Reason #327 The NCAA Continues to Kill Fun

When I heard that Travis Walton was suited up and on the field, I was pumped.  Then, I was quickly deflated when the Green Team called a timeout to get him off the field.  Why the tease?  Apparently, the NCAA has a rule where players have to designated as football players in order to play.  BOOOOOOOOOOOOO.  I understand issues of liability, lawyers, etc., but c'mon!  While we're at it, here are  a few more scoring twists I think could improve the spring game:

  • Each team gets a horse and a chariot.  Try tackling Nichol when he's tearing around the field being pulled by a Palomino.
  • Anybody in the stands wearing a jersey can be drafted at any time.  Tired of the 5'8" guy at three bills cussing out the OL?  Line him up against Trevor Anderson.  Possible setback - paying excavators to extricate the fans pounded six feet down into Spartan Stadium.
  • 10 feet above each endzone, there will be a special endzone accessible by climbing rope where touchdowns are worth 15 instead of 6 points.  If the players are smart, they'll hire either Bill Bellamy or Dan Cortese to be a coach on the sidelines.

There Will Be a Quarterback Controversy, and We Will Create It

Keith Nichol and Kirk Cousins both threw for 357 yards and 4 touchdowns yesterday, disappointing anyone who was looking for a cut and dry starter.  The way they racked up their yardage though played to their rapidly forming stereotypes:  Cousins, steady and accurate, was 29-43; Nichol, the big-play threat and gunslinger, was 20- 28, with a spectacular 73 yard play to Keshawn Martin on the run.  The problem with these stereotypes is that they attempt to create drastic differences when the differences may not be all that great.  Cousins has a good amount of speed as well (4.8 40 in high school), and after a couple of wild passes in the beginning, Nichol settled in as well; in fact, Nichol's completion percentage in the game (71% to Cousins' 67%) was better.  However, those numbers fail to take drops into consideration.

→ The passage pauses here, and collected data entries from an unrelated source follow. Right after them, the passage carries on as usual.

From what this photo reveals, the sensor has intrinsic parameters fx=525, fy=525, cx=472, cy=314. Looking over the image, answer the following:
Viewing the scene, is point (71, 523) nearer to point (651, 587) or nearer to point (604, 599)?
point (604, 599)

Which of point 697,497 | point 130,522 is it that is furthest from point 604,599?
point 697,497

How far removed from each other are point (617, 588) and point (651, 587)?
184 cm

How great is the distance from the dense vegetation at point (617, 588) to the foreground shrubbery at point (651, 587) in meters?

What I've spent the past 140 words trying to say is this:  At this point, we have two quarterbacks who are very, very, siminlar.  However, of one thing I am sure - once the first couple of incomplete passes or interception gets thrown against Montana State, a portion of the fanbase will inevitably begin to call for the other to start, but will it really make a difference?  We know that Nichol and Cousins look like they're on the same level, so currently, if we complain about one quarterback, it'd be a reach to believe the other would be significantly better.  The only thing that we as a fanbase can do now it sit on our hands and wait.

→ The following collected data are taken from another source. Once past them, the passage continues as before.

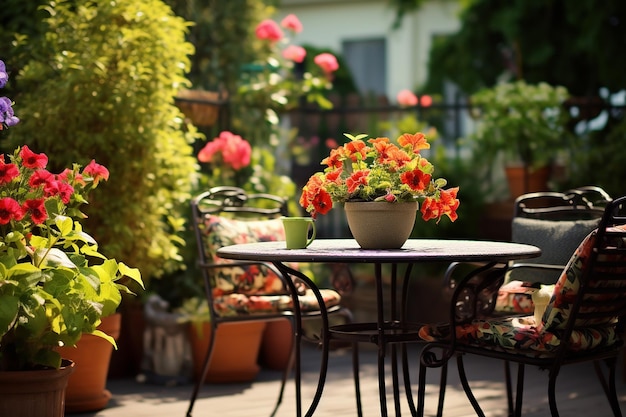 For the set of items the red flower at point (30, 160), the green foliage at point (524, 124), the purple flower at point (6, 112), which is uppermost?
the green foliage at point (524, 124)

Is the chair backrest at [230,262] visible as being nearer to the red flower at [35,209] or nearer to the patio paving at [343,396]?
the patio paving at [343,396]

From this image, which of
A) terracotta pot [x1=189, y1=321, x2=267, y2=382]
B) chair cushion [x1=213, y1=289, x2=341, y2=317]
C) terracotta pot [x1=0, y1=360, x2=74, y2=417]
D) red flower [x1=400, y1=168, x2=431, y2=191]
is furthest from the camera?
terracotta pot [x1=189, y1=321, x2=267, y2=382]

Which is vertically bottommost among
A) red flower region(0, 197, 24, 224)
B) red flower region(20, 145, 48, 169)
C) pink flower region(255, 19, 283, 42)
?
red flower region(0, 197, 24, 224)

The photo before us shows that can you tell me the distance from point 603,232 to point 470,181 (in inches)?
150

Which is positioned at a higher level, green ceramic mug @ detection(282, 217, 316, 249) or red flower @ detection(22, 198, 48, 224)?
red flower @ detection(22, 198, 48, 224)

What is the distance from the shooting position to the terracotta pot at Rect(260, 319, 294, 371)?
225 inches

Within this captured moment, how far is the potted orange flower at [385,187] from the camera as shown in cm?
355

Our Linebackers Are Still the Strength of the Defense

No surprises there.  The leading tacklers for each team were Greg Jones for the Green, and Eric Gordon for the White.  Jones also was the leader in tackles for losses between both teams.  The notable thing worth mentioning about the defense (besides stopping the run and allowing copious passing yards, but you knew that already) was that Trenton Robinson currently looks like the favorite to replace Otis Wiley.

Why All of This Speculation Could Very Well be Wrong, and I Will be Proven to be an Idiot

Because it's the Spring Game.  We will very well never see our offense and defense have this same permutation of players again.  Since football is a game that is heavily dependent on teamwork, anything we saw yesterday could very well turn out to be nothing but a fish market selling only red herrings.

But you know what?  It was still fun.  It's fun to look at the tea leaves and guess who'll be the next big thing, it's fun to go to East Lansing on a warm Saturday and grill, it's fun to run for your life when the sky goes black and damp, and it's fun to reacquaint yourself with a stadium, players and coaches (with the exception of Travis - c'mon NCAA, he couldn't have caught at least one bubble screen?) you haven't seen in five months.

So yeah, I very well could be wrong.  If I am though, I've enjoyed every minute of it.